But there are some golden rules to keep in mind before worrying about getting dirt under your fingernails in the garage. Primary among them is that you have to know what the car is telling you, and this can only be achieved by running consistent laps until you know for sure what is happening. Don’t feel frustrated if you are not sure, just do more laps. If all else fails you can use telemetry to look for clues (I’ll cover those secrets in an upcoming article).

But at the end of the day, even a perfectly balanced car can be made to exhibit oversteer or understeer in the hands of the driver. For instance, understeer is easily induced in several ways:

1)    carrying too much speed into a turn
2)    braking too aggressively
3)    turning too sharply and/or too aggressively
4)    rolling onto the throttle too early at the exit

Sure it's understeering, but is it caused by the car, driver or both?

Sure it's understeering, but is the understeer caused by the car, driver or both?

Similarly, oversteer is dialed in by a driver’s inputs when:

1)    lifting off the throttle abruptly while turning
2)    stabbing at the brakes while turning
3)    ‘tossing’ the car into the turn (rally or dirt track style).
4)    aggressive application of the throttle while exiting the turn

Can you say 'oversteer' boys 'n girls?  Of course.  But can you say why?

Can you say 'oversteer' boys 'n girls? Of course you can. But can you say why?

There’s an old story about Ronnie Peterson, one of the most talented racers of all time, but who was also notoriously bad at setting-up the car and working with the engineers to solve handling issues. A story from Michael Oliver’s book Lotus 72 Formula One Icon, explained how at Zandvoort one time, Ronnie complained that his Lotus 72 was oversteering badly, so Mr. Oliver made several adjustments to remove the oversteer.  After a few more laps Peterson returned to the pits and reoprted that the car was still oversteering.  “Ronnie,” Oliver said, “I changed the car a lot.  What the hell is the problem?” Ronnie answered: “Well, as I can’t enter the bend, I have to fling my car into [it] but it skids when oversteering and it’s really difficult to control it.” Oliver said: “For God’s sake, you have understeering!” And Peterson replied,“Well, yes, I suppose so.”

Ronnie was known to adapt to any car setup and make the required adjustments in driving style to make the car handle well, and still be as quick as anyone else. One of the challenges with this is to limit the wear and tear on the tires and other components, depending on the degree of compensation.
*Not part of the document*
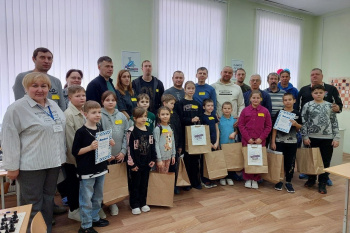 Прихожане Матронинского храма Кургана поучаствовали в семейном шахматном турнире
I’m not saying we can all be as gifted as Ronnie.  But I am pointing out that drivers can (a) make a car which is unbalanced feel more balanced or (b) make a well-balanced car feel unbalanced by driving it wrong. And also, like Ronnie we may even be confused about what the car is telling us if we try to compensate too much.

2 Comments or Trackbacks

RSS Feed Collapse Expand
  1. Name Email

  1. Mike Schrader
    May 15th, 2010 at 7:00 pm

    Ray,

    Nice article and would like to see more of this.
    I’m also the nut behind the wheel. I am starting to improve my driving by learning to drive before I learn how to adjust the setup.

    Keep up the article

    Thanks
    Michael

  2. Julian
    May 24th, 2010 at 5:07 pm

    I enjoyed this articale as well. It reminds us to not always blame the setup but look at what may be the real problem, “The Nut Behind the Wheel”.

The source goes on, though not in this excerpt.